Kini aku marah pada keadaan pagi ini. Kini aku tidak mau lagi merasakan bahagia jika pada ujungnya rasa sakit yang terus datang. 

Biarkan, biarkan saja aku seperti ini. Aku lebih suka merasakan sakit kali ini. Biarkan aku merasa terjatuh dan tidak bisa bangun lagi. Rasa sakit membuatmu lebih kuat bukan sayang ?


Biarkan hati ini menjadi sekeras batu. Biarkan harapan ini tetap ada disampingku. Biarkan aku membenci rasa cinta itu. 


Aku tidak mau bahagia lagi, jika akhirnya aku harus menerima rasa sakit itu. Kau bohong padaku sayang, kehilangan bukan perihal sabar tapi penerimaan begitu katamu, namun kenapa aku sudah menerima kehilangannya tapi aku masih merasakan rasa hilang dan sedih itu. Apa aku belum merasakan ihklas ? Aku seorang manusia biasa, bukan kiyai ataupun pendeta yang memiliki hati yang lapang dan bisa mempunyai hati yang bisa menerima semua keadaan.

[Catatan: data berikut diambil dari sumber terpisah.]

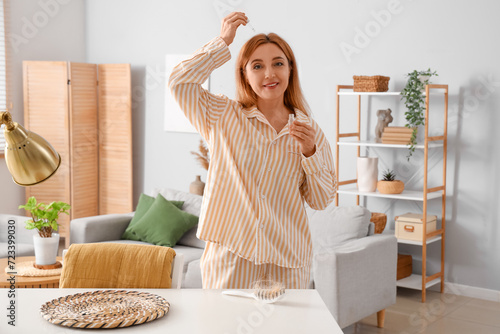 Mature woman in pajamas app...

Aku tidak percaya lagi kebahagiaan.
Aku tidak percaya lagi rasa cinta.
Aku tidak percaya lagi harapan.
Aku tidak percaya lagi pelukan.
dan Aku tidak percaya lagi manusia.

Untuk apa aku bahagia sayang ? Jika akhirnya aku harus merasakan rasa sedih ? 

Bagiku kini, senyuman yang ada diwajahku adalah kebohongan.

Bagiku kini, kebahagiaan adalah pintu menuju kesedihan.


Kurang lebih seperti itu surat yang tersimpan di lemarinya yang ia kunci rapat-rapat. Ia kini tidak mau bahagia lagi dan memiliki rasa cinta dan betul, kini hati dan harinya menjadi sekeras batu.